“Us”, de Jordan Peele, é caso de estudo sobre humor e terror
Cada um tem os seus medos característicos, únicos e em consonância com experiências pessoais, educação, fé no sobrenatural ou no poder divino, no inesperado e, talvez, em si mesmos. E, aí, reside, talvez, uma das maiores inquietações: confrontar o eu, mesmo que neste caso seja ligeiramente diferente. É exactamente nesta narrativa que Jordan Peele, já conhecido pelo seu “Get Out” (primeiro filme do realizador), pega e joga com os espelhos de cada indivíduo, através do poder de um doppelganger, satirizando a ilusão que é o sonho americano. Ao contrário do filme anterior em que a temática abordada, o racismo, é bastante incisiva e frontal, neste, apesar de também ter como objecto a sociedade, nunca é explícito e só os mais atentos é que conseguem compreender o que está por detrás da violência e do medo nas personagens.

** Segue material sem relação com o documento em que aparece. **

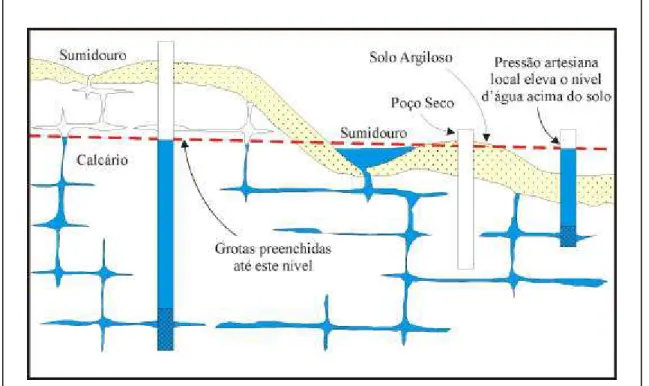 Figura  2.2  - Ocorrência de água subterrânea em rocha carbonática ao longo de fraturas  conectadas (Feitosa et al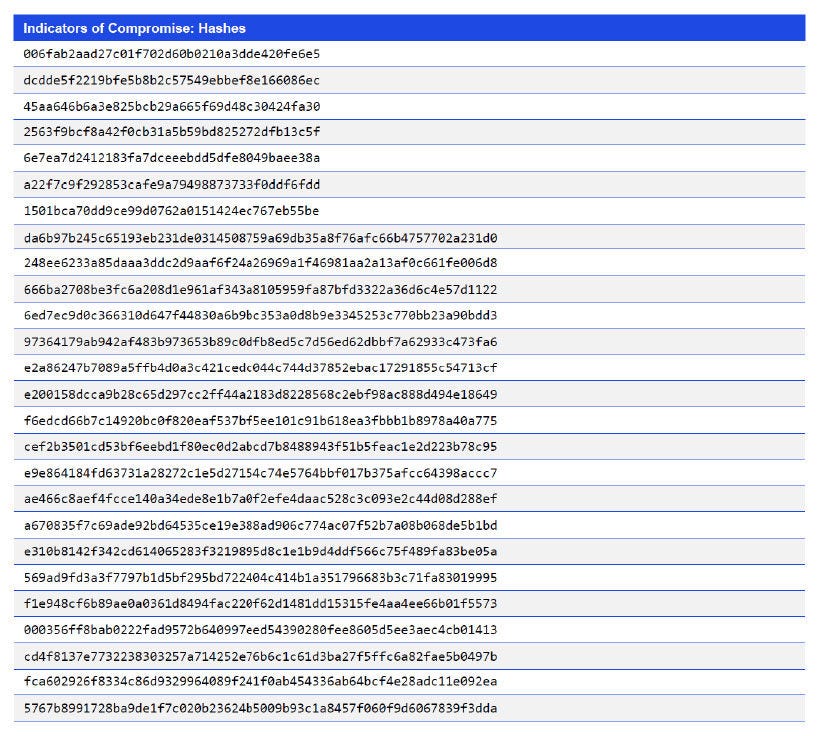 Japanese alt text: Indicators of Compromise: Hashes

Ao longo do filme, tem-se a ideia de que se está a ver só mais um jogo de susto e de tensão, algo que facilmente aborrece, depois de tantas experiências fracassadas com sagas em que bonecos tentam meter medo aos humanos, de formas quase sempre ridículas. Porém, há uma sequência de cenas que vão saltitando entre o humor e o terror e é essa dualidade que faz com que o espectador esteja cada vez mais alerta para o que se esconde na sombra. Ao contrário do que se possa pensar, o riso e o medo são sentimentos opostos mas que se encontram muitas vezes na vida e pode-se facilmente passar de um para o outro. E é nas coisas mais mundanas que pode residir o humor, como o caso em que a chave de emergência da família principal se encontrava por baixo de uma pedra (“that’s the whitest shit i ever heard”).

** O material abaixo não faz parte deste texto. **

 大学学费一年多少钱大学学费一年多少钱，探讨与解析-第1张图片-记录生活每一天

Entre o passado e o presente da vida de Adelaide Wilson, Lupita Nyong’o tem uma das melhores interpretações da sua carreira. A capacidade de interpretar duas personagens supostamente antagónicas em termos de valores e personalidade, faz com que nunca consigamos perceber, até ao fim, que fomos completamente enganados pelo lobo vestido de ovelha. Ela representa, de forma brilhante, a podridão do sonho americano: para subir na vida e ultrapassar o inferno é preciso fazer o que, em circunstâncias normais, seria moralmente questionável, possivelmente até ilegal. No país da Liberdade, poucos o são; numa sociedade democrática e de valores apaixonantes, a selvajaria existe de forma cada vez mais requintada e menos visível à luz do dia. E para uns viverem confortavelmente — a maioria já nasceu rica — muitos têm que sofrer, é uma balança perfeita. Não é preciso pensar muito, para constatar a realidade em questão: os 1% mais ricos do mundo concentram tanto dinheiro quanto metade da riqueza produzido pelos mais pobres. Desta forma, a família normal e estável como a dos Wilson torna-se, em certa medida, no vilão que, para salvar a sua vida, destrói a de outro. Assim, podemos dizer que a nossa felicidade é bastante relativa e que não depende só de nós.

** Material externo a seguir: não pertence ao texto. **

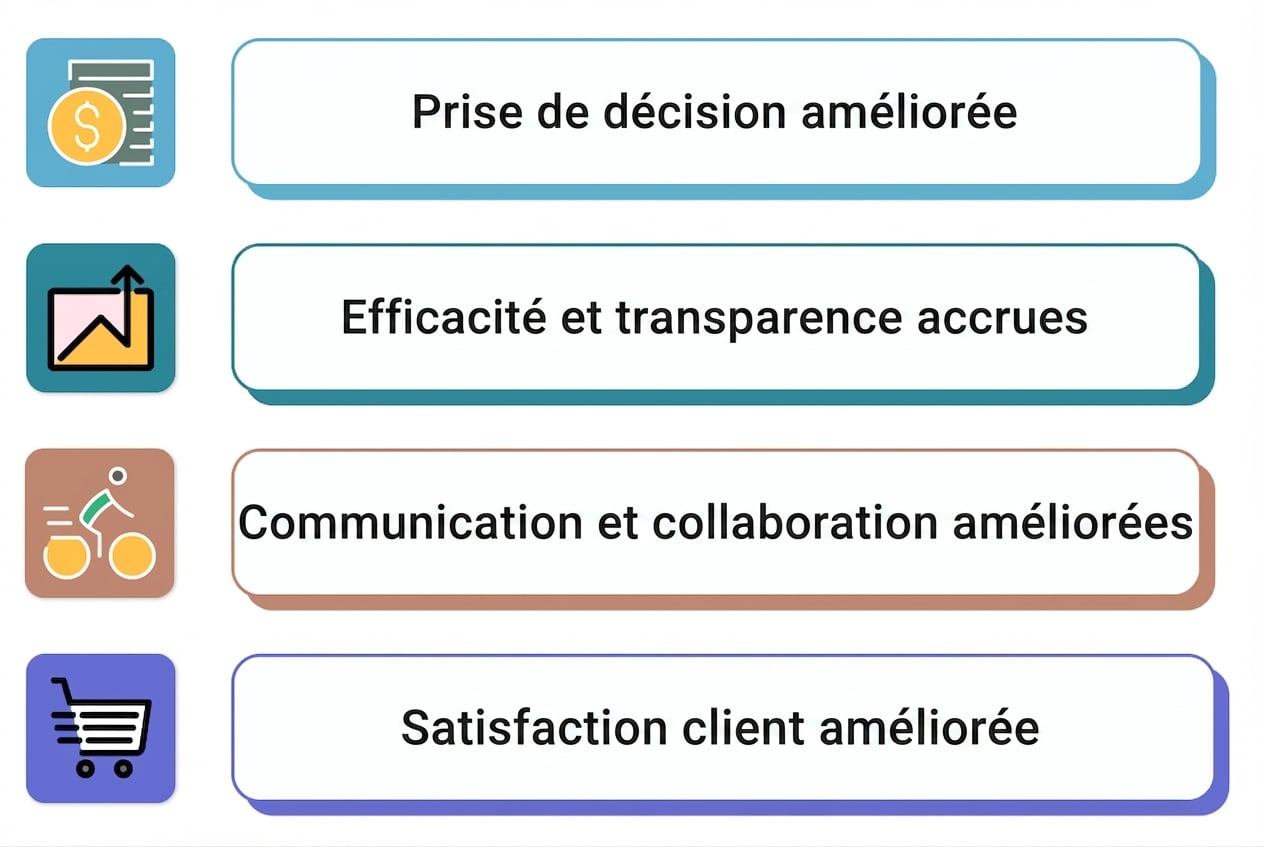 tableau de bord réussi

Por fim, Jordan Peele está num caminho de ascensão numa categoria em que falta chama e diversidade. Como humorista, mais uma vez consegue falar sobre um assunto sem ser óbvio e cansativo, demasiado politizado ou moralista. Através deste balanço, cria um filme que certamente se pode considerar um exemplo para estudar futuramente sobre como o humor surge no meio dos momentos mais assustadores e o poder do mesmo como forma de enfrentar os nossos demónios. Para além disso, mostra a relevância de filmes de terror como forma de questionar a sociedade americana, num mundo em que é cada vez mais difícil captar a atenção do público.